DATA LISTING ->
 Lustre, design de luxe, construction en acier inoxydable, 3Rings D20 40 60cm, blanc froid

==

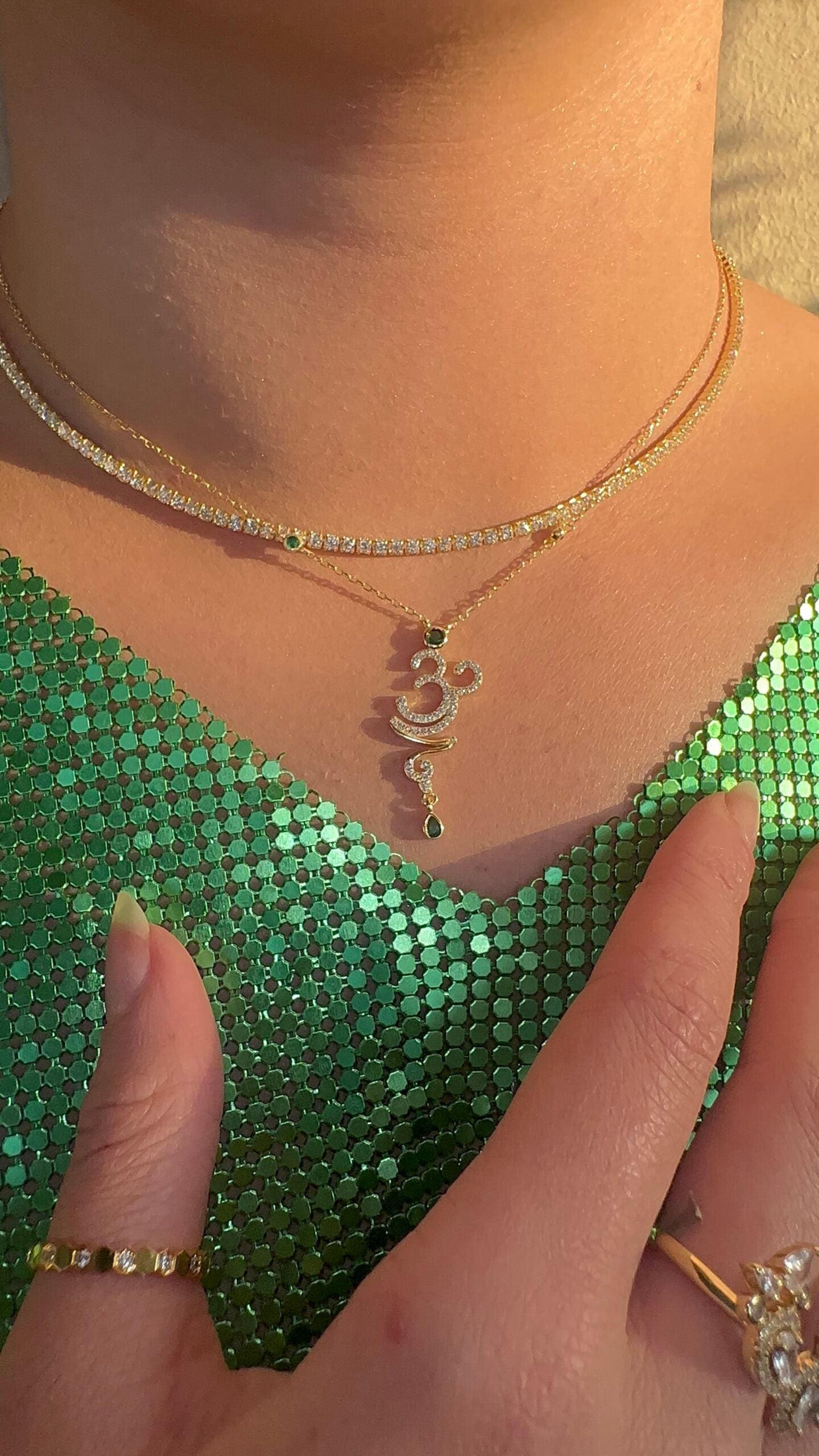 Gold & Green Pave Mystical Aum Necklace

--

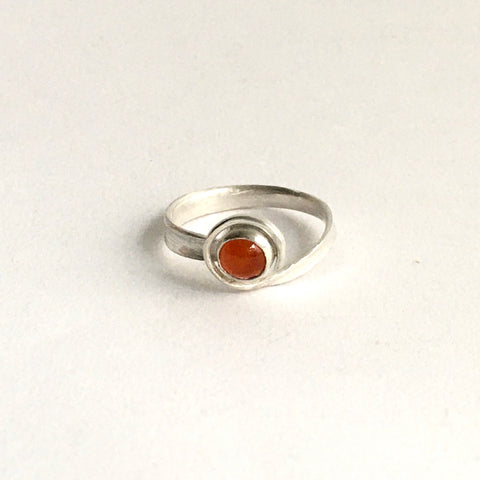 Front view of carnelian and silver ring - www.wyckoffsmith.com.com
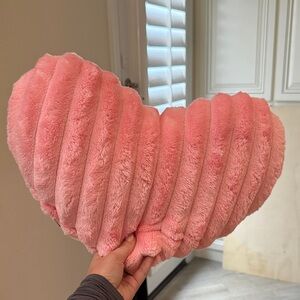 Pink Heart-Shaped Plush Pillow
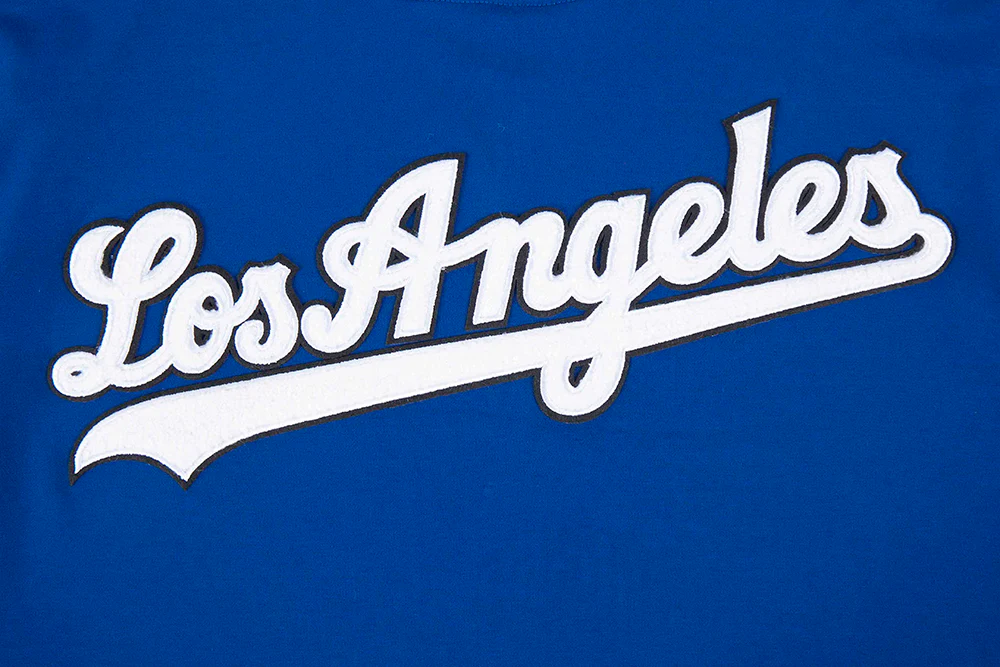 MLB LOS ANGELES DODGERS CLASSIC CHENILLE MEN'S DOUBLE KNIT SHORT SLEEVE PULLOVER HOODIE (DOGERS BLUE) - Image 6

ABOUT THIS EXERCISE -> Keep to the lines above from the line with "Front view of" to the line with "MLB LOS ANGELES", and set down exactly those, inclusive, with nothing else and every picture left out.

ANSWER SPACE ->
 Front view of carnelian and silver ring - www.wyckoffsmith.com.com
 Pink Heart-Shaped Plush Pillow
 MLB LOS ANGELES DODGERS CLASSIC CHENILLE MEN'S DOUBLE KNIT SHORT SLEEVE PULLOVER HOODIE (DOGERS BLUE) - Image 6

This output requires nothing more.